> [WHAT IS NEEDED]
When you transcribe the listing that follows, keep every line exact and skip any picture.

> [GIVEN DATA]
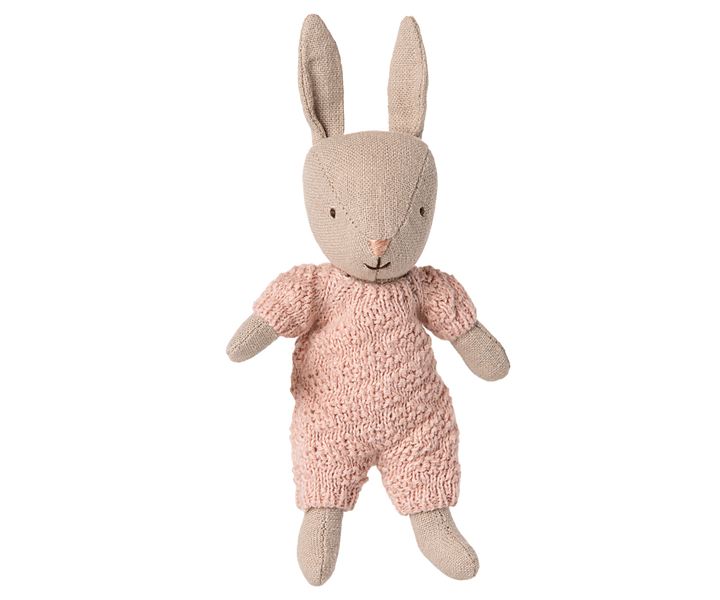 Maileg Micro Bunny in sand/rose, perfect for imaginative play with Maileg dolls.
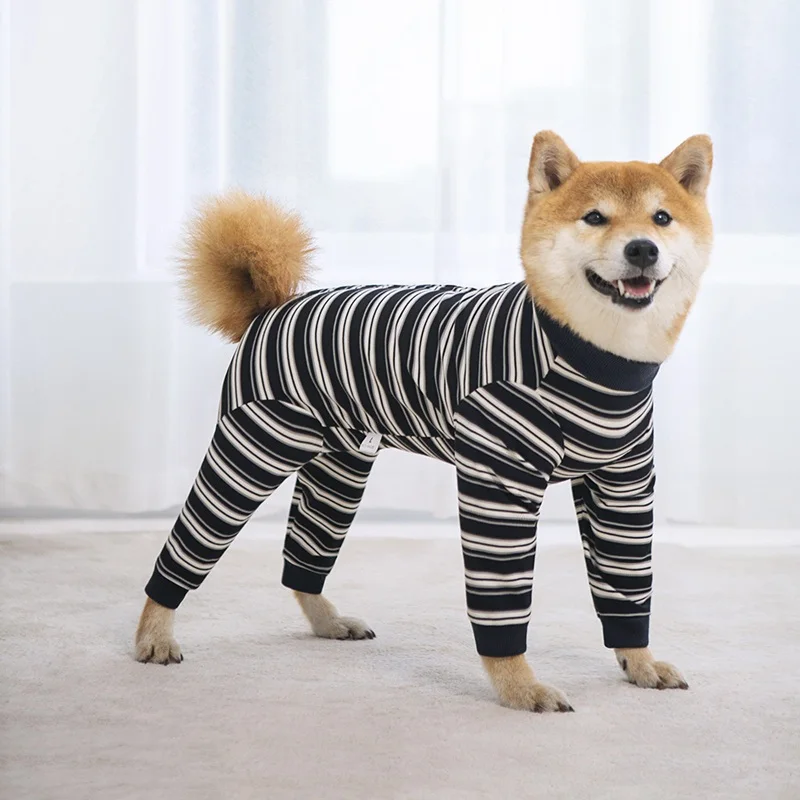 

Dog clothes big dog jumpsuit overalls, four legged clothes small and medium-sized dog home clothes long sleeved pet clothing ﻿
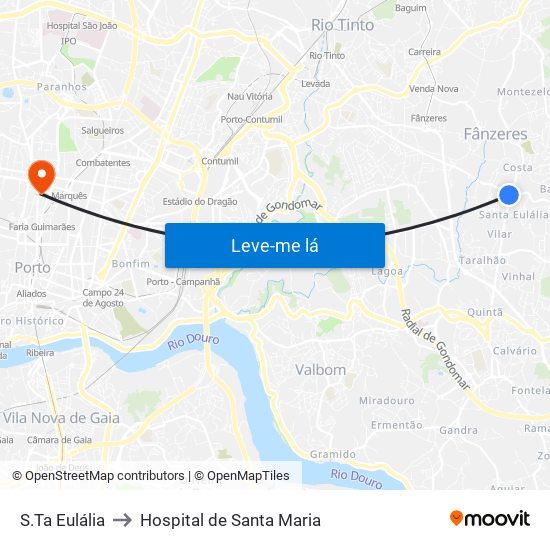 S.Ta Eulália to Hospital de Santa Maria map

> [ANSWER SECTION]
 Maileg Micro Bunny in sand/rose, perfect for imaginative play with Maileg dolls.

Dog clothes big dog jumpsuit overalls, four legged clothes small and medium-sized dog home clothes long sleeved pet clothing ﻿
 S.Ta Eulália to Hospital de Santa Maria map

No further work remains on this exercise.